An international team of researchers has discovered a genetic defect that contributes to a muscle disease using next-generation DNA sequencing techniques.
The research co-led by the University of Leeds’ School of Medicine and the Charite, Berlin, investigated several families whose children suffered from a progressive muscle disease.
The children developed severe weakness of the body’s muscles and the diaphragm – the main breathing muscle – making them dependent on a wheelchair and continuous mechanical ventilation.
The children also had to be tube-fed because the esophagus – a muscular tube that transports food from the mouth down into the stomach – did not work properly.
Using state-of the-art, next generation DNA sequencing technology, the scientists initially found a defect in the MEGF10 gene for a large family living in the UK.
Further work found mutations in families with a similar condition from Europe and Asia.
The MEGF10 gene normally plays an important function in muscle stem cells.
These are also called ‘satellite cells’, because they are attached to the outer surface of the muscle fibres, where they normally remain silent.

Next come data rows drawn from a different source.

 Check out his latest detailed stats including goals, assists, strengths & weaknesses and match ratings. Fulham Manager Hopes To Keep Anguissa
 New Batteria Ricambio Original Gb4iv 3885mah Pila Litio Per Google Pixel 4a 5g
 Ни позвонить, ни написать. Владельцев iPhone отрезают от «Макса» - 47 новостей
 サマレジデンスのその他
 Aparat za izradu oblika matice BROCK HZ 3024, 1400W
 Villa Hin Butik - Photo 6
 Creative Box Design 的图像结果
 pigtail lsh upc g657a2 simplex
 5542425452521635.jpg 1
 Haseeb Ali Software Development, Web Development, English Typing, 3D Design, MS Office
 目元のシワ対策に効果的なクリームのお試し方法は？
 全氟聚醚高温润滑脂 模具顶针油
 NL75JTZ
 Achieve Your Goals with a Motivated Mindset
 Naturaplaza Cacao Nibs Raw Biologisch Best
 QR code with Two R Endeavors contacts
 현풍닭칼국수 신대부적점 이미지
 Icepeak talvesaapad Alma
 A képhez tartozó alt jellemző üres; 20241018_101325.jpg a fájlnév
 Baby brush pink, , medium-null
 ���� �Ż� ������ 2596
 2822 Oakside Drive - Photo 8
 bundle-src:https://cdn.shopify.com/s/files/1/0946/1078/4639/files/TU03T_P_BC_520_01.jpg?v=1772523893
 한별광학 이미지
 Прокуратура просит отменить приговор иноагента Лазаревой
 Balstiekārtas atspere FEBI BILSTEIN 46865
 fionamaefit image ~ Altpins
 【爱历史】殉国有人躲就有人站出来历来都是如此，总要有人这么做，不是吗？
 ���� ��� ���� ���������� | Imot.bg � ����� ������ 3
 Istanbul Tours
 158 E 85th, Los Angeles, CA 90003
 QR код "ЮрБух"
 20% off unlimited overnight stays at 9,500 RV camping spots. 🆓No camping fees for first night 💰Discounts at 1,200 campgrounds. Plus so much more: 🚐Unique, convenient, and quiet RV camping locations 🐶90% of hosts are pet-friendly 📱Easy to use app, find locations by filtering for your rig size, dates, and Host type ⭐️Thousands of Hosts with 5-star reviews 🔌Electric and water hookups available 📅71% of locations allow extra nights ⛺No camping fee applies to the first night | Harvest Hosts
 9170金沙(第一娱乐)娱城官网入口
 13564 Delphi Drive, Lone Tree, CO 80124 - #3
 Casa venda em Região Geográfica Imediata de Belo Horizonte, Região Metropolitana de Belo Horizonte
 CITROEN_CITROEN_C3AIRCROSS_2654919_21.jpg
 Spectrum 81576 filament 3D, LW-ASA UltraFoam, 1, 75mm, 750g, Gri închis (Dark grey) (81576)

If a muscle fibre becomes damaged, the satellite cells become active, start to divide and then fuse with the muscle fibre. MEGF10 has an important role in this fusion process because it provides the ‘gluey’ surface for the attachment of the satellite cell.
Since body muscles make up about 40 percent of our weight and are the largest organ in the body, the muscles need to be maintained during normal life.
MEGF10 also has a role in this regeneration process; failure causes progressive muscle weakness in not only muscles of the body and limbs but also the muscle cells that can be found in the internal organs.
Their work means that accurate genetic testing and diagnosis will now be possible for this devastating condition.
The work is published this week in the journal Nature Genetics.